Following compound dosing, cells were immediately transferred to a pre-warmed Opera Phenix High Content Screening System running Harmony version 5.1 for imaging. Cells were imaged every 20 min for 12 h and then every 2 h up to 24 h using a 40× water objective with four fields of view imaged per well. The imaging chamber was kept at 37 °C and 5% CO₂ for the duration of imaging. Nuclei, cytoplasm and spot segmentation were performed in the Harmony software on maximum intensity projections of three slices for each field. Data plotting and statistical analysis were performed in Python.

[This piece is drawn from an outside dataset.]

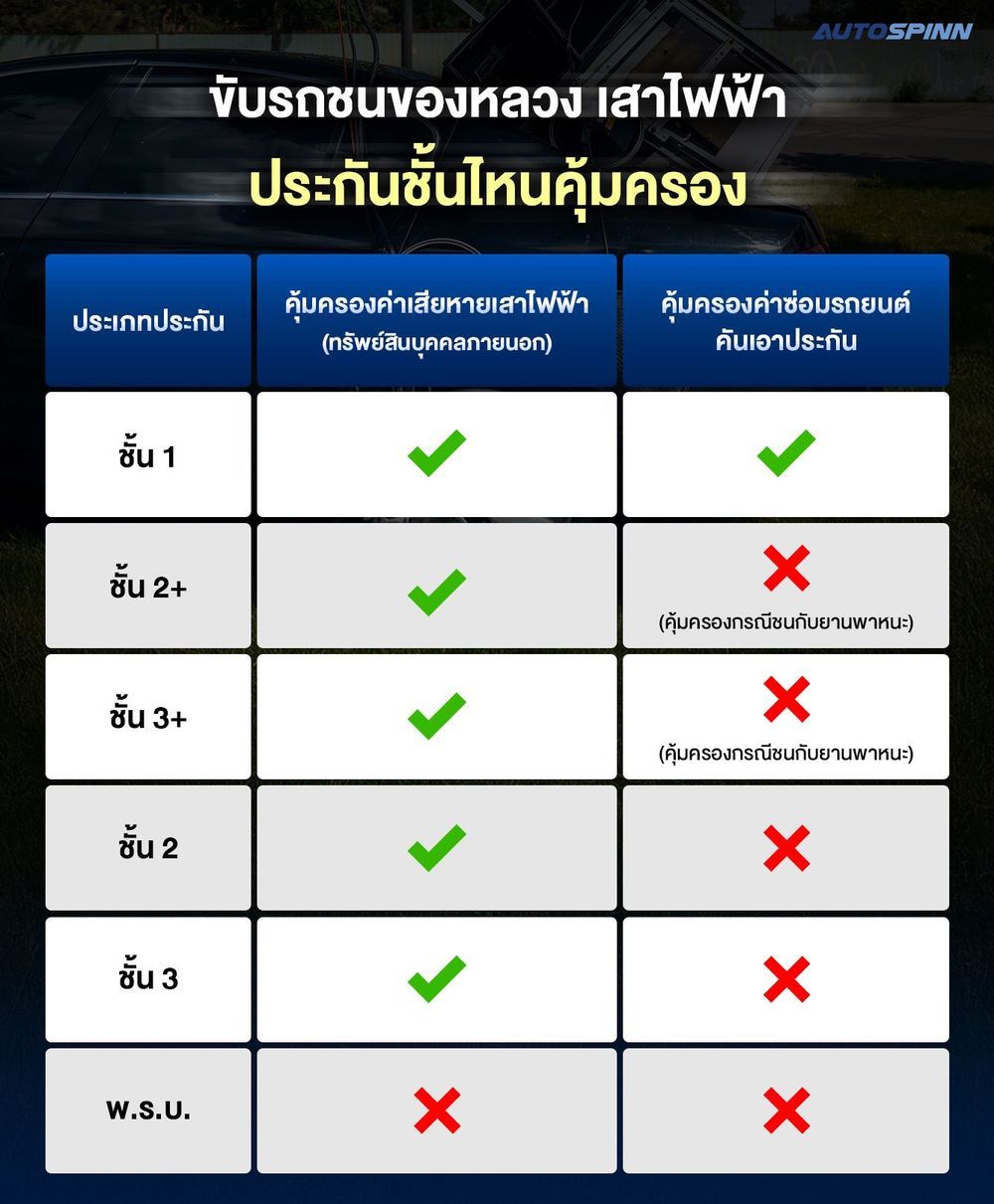 ตารางสรุปความคุ้มครองกรณีขับรถชนเสาไฟฟ้า as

LD radius quantification was performed in Python 3.10. LDs were first identified by creating maximum intensity projections of three slices for each imaging field. We then ran a multi-scale Laplacian of a Gaussian (LoG) filter over five sigma values ranging from 1 to 2.67 pixels in size to enhance spherical structures, keeping only those pixels with a post-filter value above 0. The first LoG filtered image corresponding to a sigma of 1 underwent a triangle threshold to create a definitive LD semantic segmentation mask. A maximum filter was then applied across the LoG stack, and local peak maxima were identified as those pixels in the maximum filtered image whose intensity value matched those same pixels in the LoG stack, corresponding to the midpoint of individual lipid droplets. A border mask was then created by performing a binary dilation of the LD semantic segmentation mask, followed by a binary NOT operation on the original mask, leaving behind only the outline of the LD mask. These border mask pixel coordinates were then queried using a k-d tree to find each local max peaks’ nearest border pixel neighbor, giving the effective radius for each LD in a computationally efficient and accurate way, as previously described⁸¹. Any lipid droplet whose local max peak coordinates’ pixel was below a threshold value of 4000 was removed from the analysis. The code is open-source and publicly available⁸².

Puromycin incorporation assay

To measure puromycin incorporation, the Click-iT Plus OPP Alexa Fluor 488 Protein Synthesis assay kit was used and manufacturer’s instructions were followed, with a 30-min puromycin labeling. For puromycin incorporation measurements by Western blot, cells were labeled with 10 µg/mL puromycin for 30 min prior to harvesting and protein analysis was performed as described below.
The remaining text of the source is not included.